They tend to like me.
I love them and usually say hello or at least indicate the same through body language (unless they're loose and bothering my dog - then they get shooed), so that would be why. I've had animals seem to like me when it's not the norm for them, and I chalk that up to my knowing how to behave around them in a friendly and non-confrontational manner.


----------



## pretyhowtown (May 1, 2010)

It seems to have a lot to do with body language and tone of voice. Animals are so intuitive when it comes to that kind of thing, but the language is fairly easily decoded.
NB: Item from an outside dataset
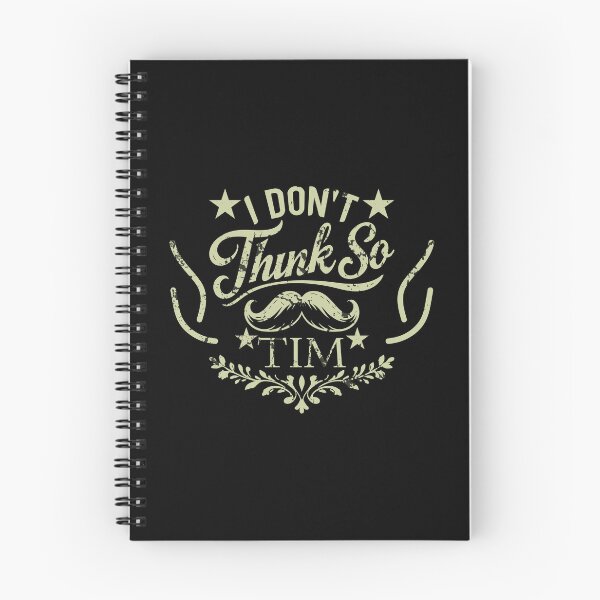 Item preview, Idont Think So Tim Bold Statement Text Art designed and sold by AhmedZouita.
I think animals sense when a person has a lack of consideration or awareness of their needs. I know a family who have two dogs and both are afraid of the husband, though he seems not to realize it...and he's oblivious to their needs in general, I think.


----------



## wisdom (Dec 31, 2008)

That.

I'm a nervous, unpredictable person. Other people's pets don't seem to like me. Usually they seem a bit scared. Once in a while, aggressive. It doesn't help that I like to act weird around cats since I view them as strange, unpredictable, unfeeling creatures.


----------



## Giga Blender (May 22, 2012)

I am exceptional with every animal I encounter, I treat them all with respect until they warm up to me, exactly how I'd want someone to treat me, and it seems to always work for me. Everything from bees (which I am deathly allergic to) to wild bobcats have warmed up to me.


----------



## Mutatio NOmenis (Jun 22, 2009)

Cats love me. Dogs want to kill me. Women romantically dread me.


----------



## Choice (May 19, 2012)

domesticated only: the dogs wanna play tag and the cats either don't mind me or start rubbing on my leg. Everything else I seem to scare away - poor pigeons lol.


----------



## MrShatter (Sep 28, 2010)

Animals like me. Sure they do. Certainly in fact.


----------



## WhatItTakes (May 31, 2012)

No animals HATE me for some reason lol
Except cats so I like them


----------



## Mind Swirl (Sep 7, 2011)

Animals like me generally. Cats seem to love me though I prefer dogs. Even cats that are really shy may come over to me. My friend had a shy cat like that and she was astounded at how the cat came right up to me and was affectionate.


----------



## dejavu (Jun 23, 2010)

Animals tend to like me. Cats are generally drawn to me. Dogs make a beeline for me before anybody else, and that's upsetting because dogs make me nervous.


----------



## themartyparade (Nov 7, 2010)

Most animals like me. It's probably 'cause I like them. In a group of friends, I'm the one most likely to ignore them and whatever's going on in favor of chilling with the cat/dog/insert-animal-here.


----------